Überhaupt dürften Fontane-Kenner nicht viel Neues an dem Abend entdecken, es sind doch immer ähnliche Briefe, die als besonders lesenswert herausgestellt werden. Doch die, sich immer dynamischer steigernde, Performance Kratochwils und Grebes bringt sie höchst unterhaltsam neu ins Gedächtnis. Besonders schön: Die Streitkorrespondenz wegen Fontanes Kündigung bei der Kreuzzeitung wird zu einem lauten, fulminanten Schlagabtausch. Beide haben sichtlich Spaß an dem Spiel mit den Worten. „Die Streits waren so wunderbar direkt, oft auch auf Augenhöhe, fast modern“, sagt Grebe später dazu. Der Abend klingt schließlich mit Briefzeilen aus den 1890er Jahren aus und dazu passenden Gedichtzeilen.

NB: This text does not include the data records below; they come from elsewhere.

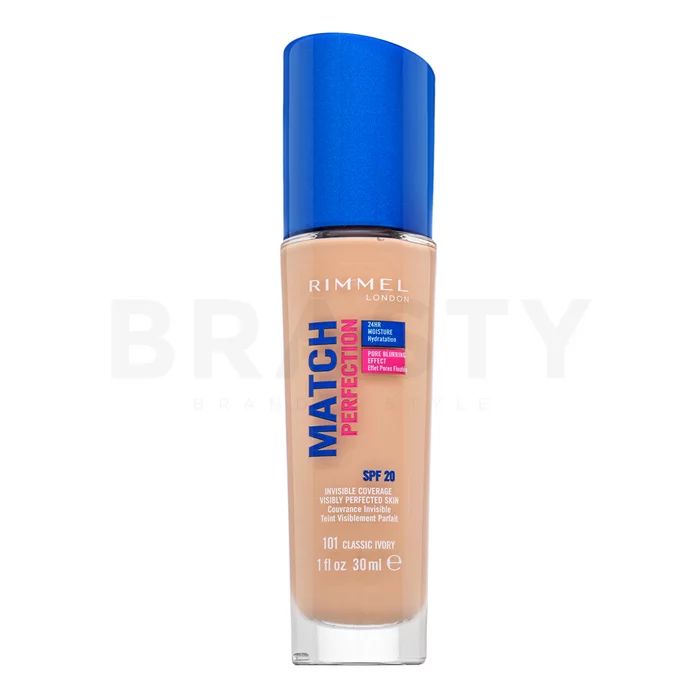 Rimmel London Match Perfection 24HR SPF20 Foundation tekutý make-up pro sjednocenou a rozjasněnou pleť 101 Classic Ivory 30 ml
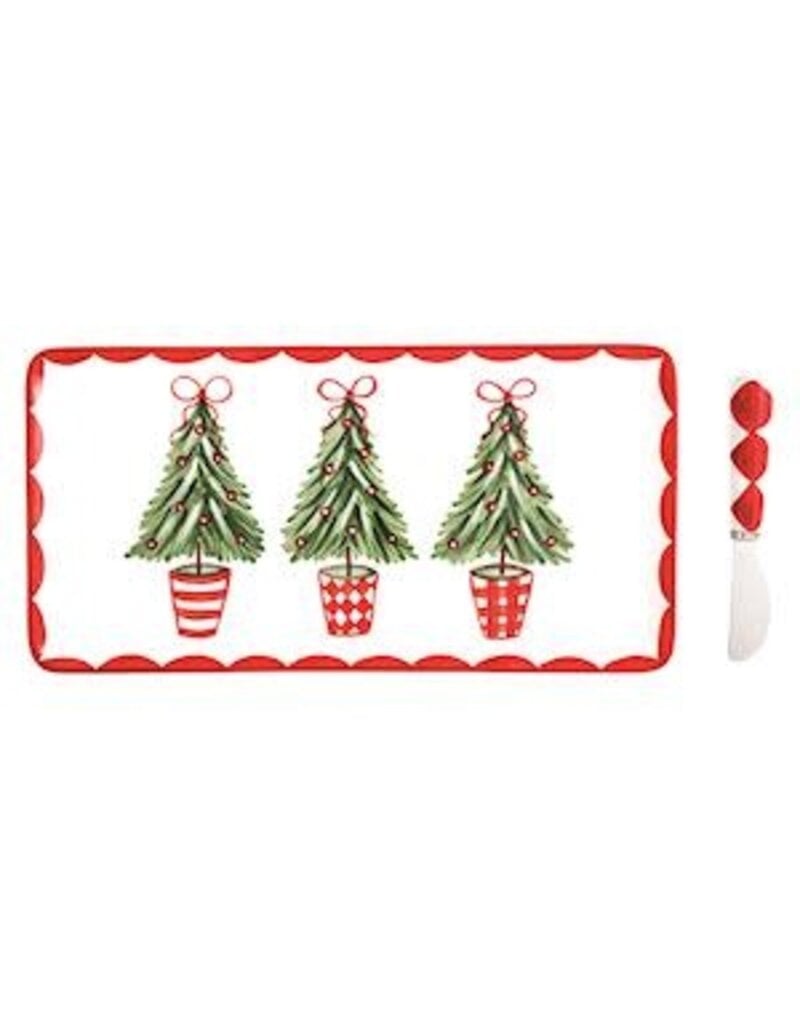 Mud Pie Mud Pie Holiday Holly Trees Tray & Spreader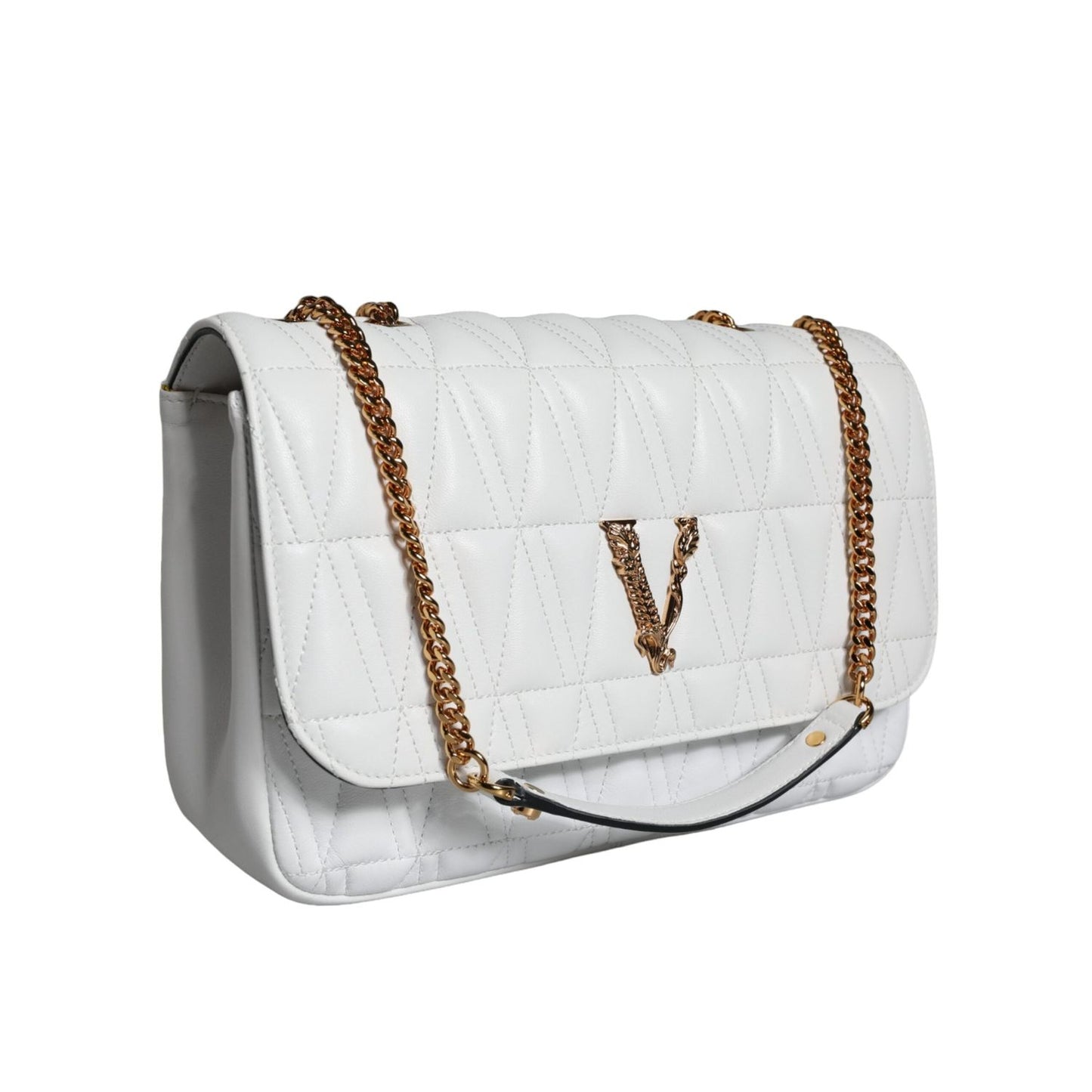 Versace White Mini Nappa Leather Crossbody Shoulder Bag BAG1596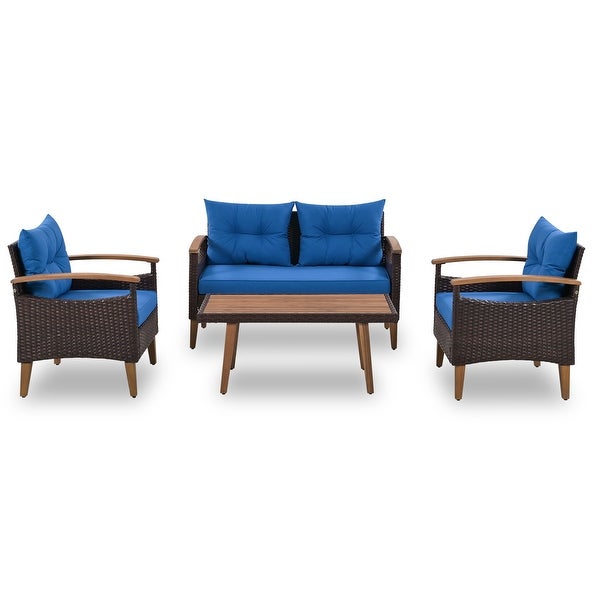 4-Piece Garden Furniture， Patio Conversation Sets， PE Rattan Outdoor Sofa Seating Set with Wood Table and Adjustable Legs Design - Overstock - 37853223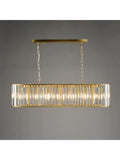 Där Kiran 7-arm black bar ceiling light with faceted glass, imported from the UK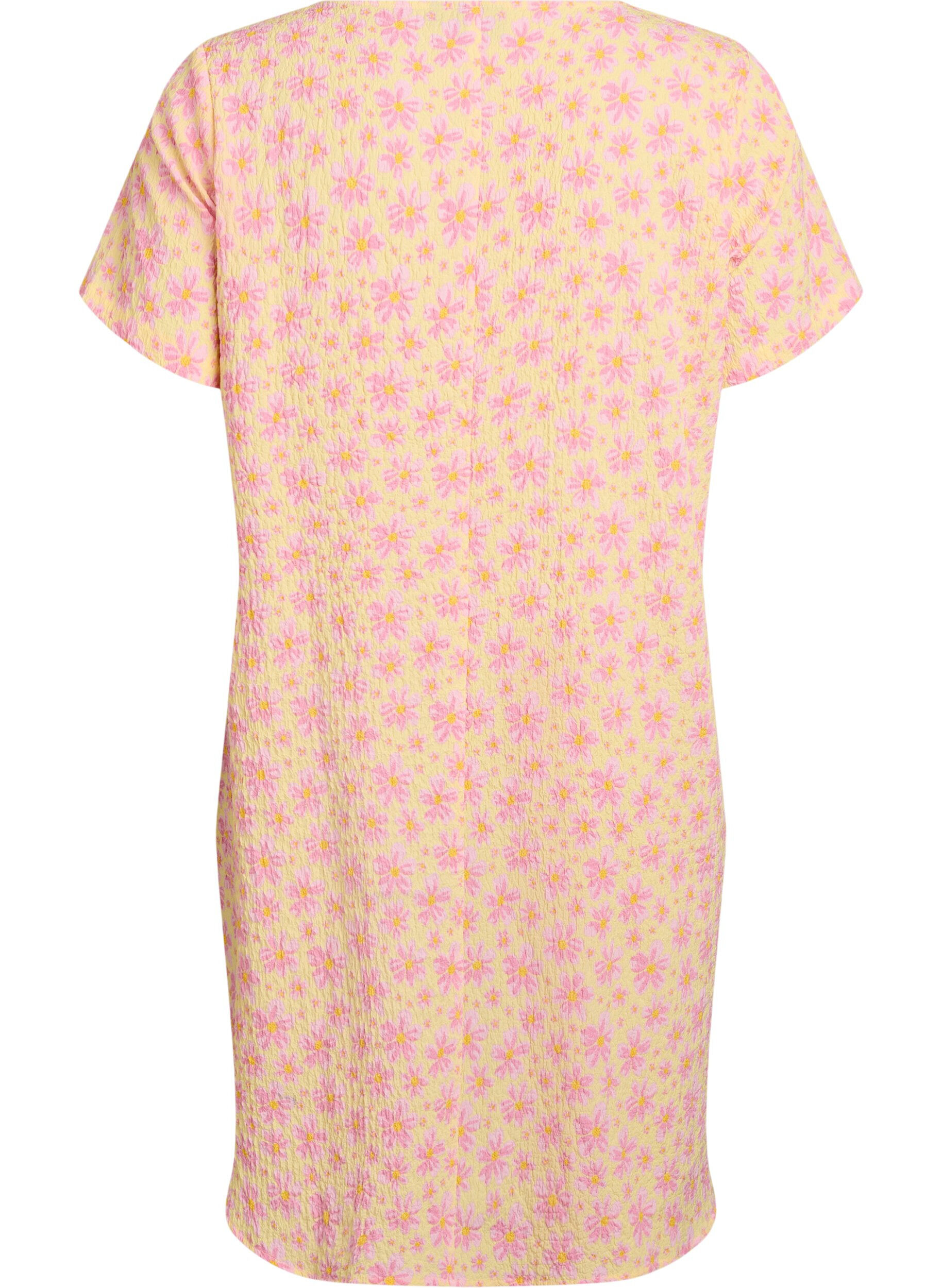 Zizzifashion Short dress with a crinkled texture and short sleeves, Yellow, Packshot image number 1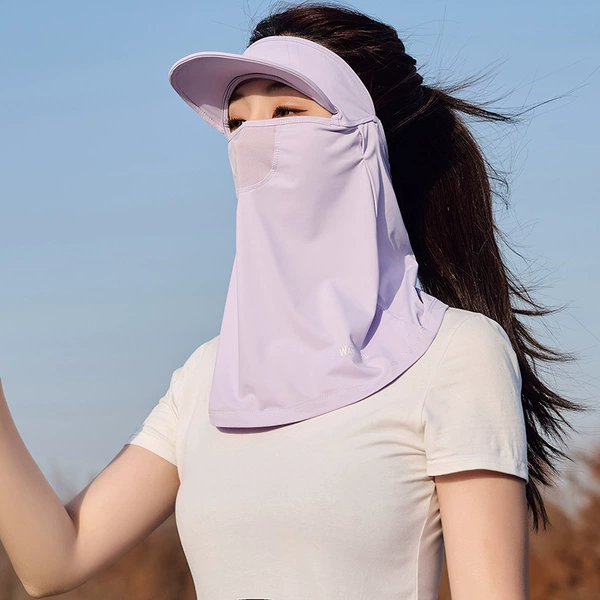 Women's Hat Brim Mask-Purple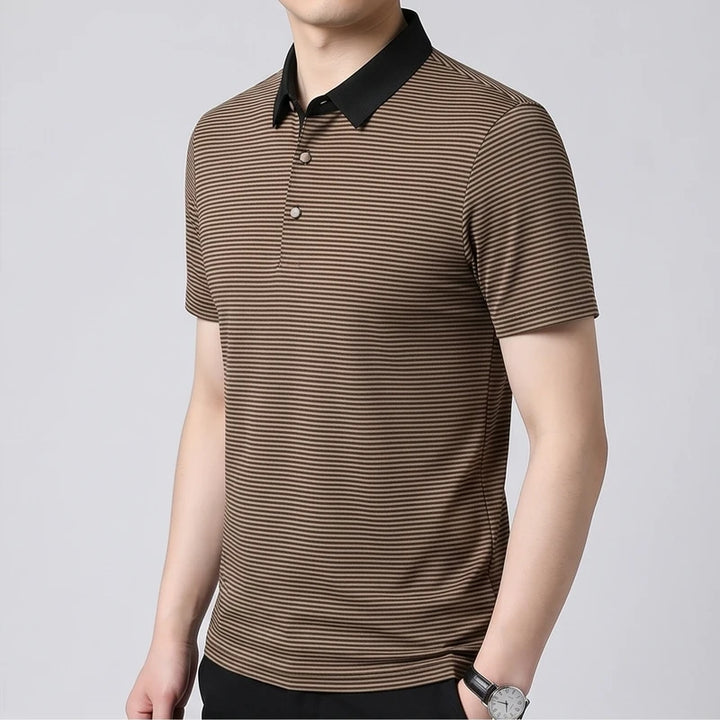 Model wearing Khaki Hollis Striped Polo in studio - 2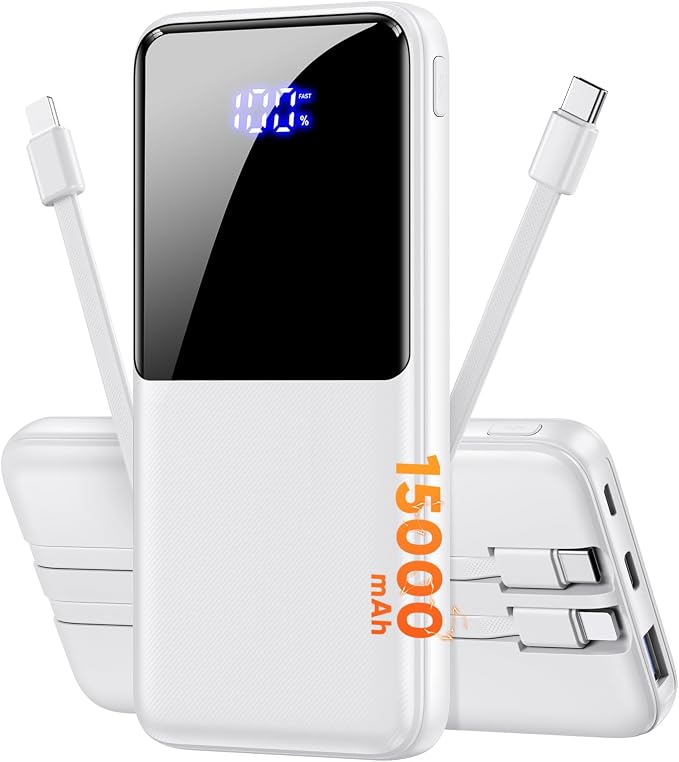 CFIAI Portable Charger Power Bank 15000mAh Battery Pack with Built in Cable | Ultra Slim, 50% Larger Capacity, Travel Essential, 22.5W Fast Charge USB C Phone Charger for iPhone Samsung Android, White by CFIAI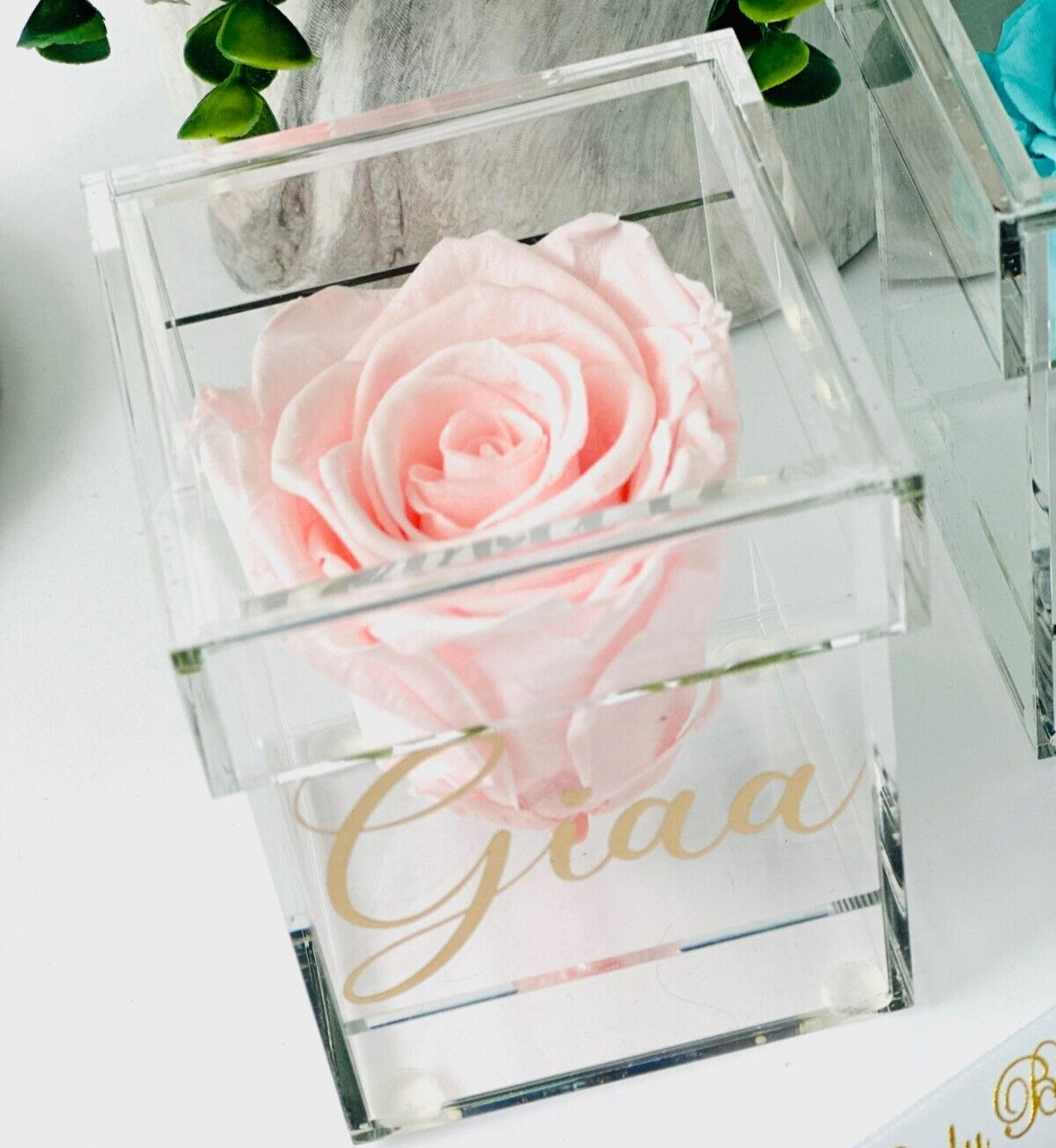 Preserved Rose in a Personalized Clear Acrylic Box – Bridal Party Gifts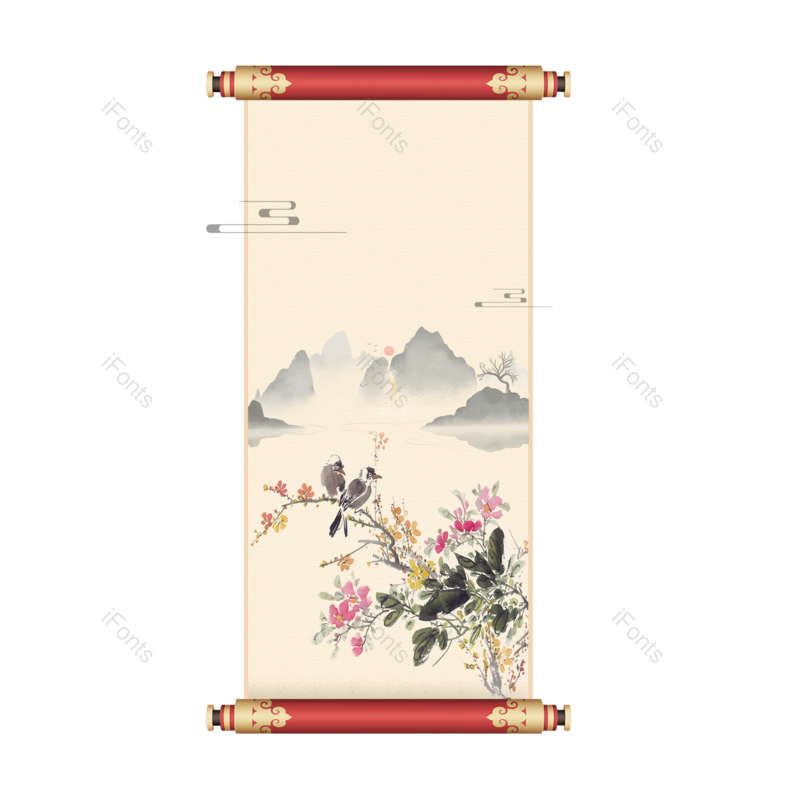 水墨图片,中国元素,树枝PNG,卷轴免抠素材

Aus seiner Fontane-Rolle schlüpft Grebe allerdings auch bei der anschließenden Signierstunde nicht heraus: Er unterschreibt kurzerhand mit dem Namen des Dichters. Ein bisschen Dada muss eben immer sein. Zurzeit ist er übrigens mit seinem neuen Soloprogramm „Das Münchhausenkonzert“ unterwegs, das vergangene Woche in Berlin Premiere feierte. Worum es geht? „Um Lüge, um Wahrheit, um alles“, ist Grebes knappe Antwort. Man muss ihn eben live erleben, um dahinter zu kommen.